Re: [Indic-texts] some problems with encoding parts of akṣaras in manuscript transcriptions

2 Apr 2018

      On Sun, Apr 01 2018, Charles Li wrote:
...
Hi Andrew! So brave to be the first person to post!
Indeed, congratulations!
...
I have also struggled in silence and darkness with those very problems
which you describe. For the first issue -- vowel signs being added and
deleted -- I do something similar, but using slightly non-canonical TEI.
I actually include the consonant inside a <subst> tag to make explicit
the fact that it's that consonant being modified. So, for example,
abhi<subst>dh<del rend="implied">a</del><add>ā</add></subst>ne
I use something quite similar in my transcriptions, e.g. for the
correction of /nti/ to /nte/ (see the image I’m trying to attach) I have
this:

<subst ana="#subst-vowel-addition"><del>न्ति</del><add>न्ते</add></subst>

The main difference to Charles’ solution is that I put the whole akṣara
into the del and add elements, which is of course not very precise.  But
for my current project I made up my mind that I would treat the
conjuncts as units that I wouldn’t split up any further.  I try to
compensate for this by adding an analysis attribute, which at least
let’s me easily query for classes of corrections/changes.
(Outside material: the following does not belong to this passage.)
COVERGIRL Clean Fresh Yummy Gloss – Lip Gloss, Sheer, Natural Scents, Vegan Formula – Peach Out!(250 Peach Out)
My reasons for doing this were two (and I should add that they are not
so strong that I’d like to recommend this as a general solution):

First, the transliteration would be easy from this kind of markup:

nti -> न्ति -> ন্তি -> nti

works fine.

But consider Andrew’s case of split vowel-signs, where we would have to
transliterate something like this:

ḷ<del rend="cross">o</del><add type="implicit">a</add>

What should the result look like?

ऌ्<del rend="cross">ो</del><add type="implicit">?</add>

This is not the same as the rendering problem: it seems to me the
implicit ‘a’ vowel cannot be put in the add element in certain kinds of
encoding.  So, unless I’m missing something, you would have to change
the markup to accomodate the encoding you choose: the XML would have to
change depending on whether you want to see this in an encoding that has
the implicit vowel “a” or not.  And also it’s unclear to me what the
content of the add element should be if the script has implicit vowels.
(Perhaps one will also have to fiddle with the virāma, but that usually
works out.)

One might say that this is a good reason against using this type of
encoding (not Latin-based) for analytical markup/transcriptions in the
first place.  But I have at least one case where I can’t split the vowel
signs up at all, regardless of encoding.  And this was the second reason
for me to treat conjuncts as units: in an early Bengali script, there
was a change from “o” to “ā”, by deleting the left, preceding vertical
stroke of the “o”’s sign, similar to this:

কো -> কা

I don’t see how one could describe this in any transcription scheme,
since it would mean analyzing the “o” into two components (even in the
Bengali Unicode block, the “o” vowel sign is just one point).  I saw no
way around this apart from a graphical analysis of the problem.

So I decided to just encode changes from one whole conjunct to another,
and link this up with an analysis of the type of correction/change that
was employed.  I also, like Peter, link these things to pictures when
possible so that it’s easier to see what’s going on in each individual
case.

This doesn’t solve the second problem Andrew mentioned, the “flying r”
preceded by a stringhole.  I’ve never had to encode this kind of thing,
where the phonological and graphical characteristics are inverse, and so
can’t say much about it.  Peter’s solution seems useful to me (adding
sequence attributes to make the situation clearer).  Theoretically, one
could also introduce a special character to transliterate the “flying
r”, something like this (spaces added):

mā gg<gap/>Xa ṁ  (or should it be “mā gg<gap/>aX ṁ”?)

where “X” is the “flying r”.  The drawback would of course be that the
rendering issues would be pretty hard to solve: you’d need to transform
all “X” into an “r” preceding the last cluster of consonants, plus you
would then not be able to represent the stringhole in its proper place
anymore.  But this seems like much more of a bother than dealing with
@part attributes.

I’d also be happy to hear other solutions to these two problems!

Best wihes,

--
Patrick McAllister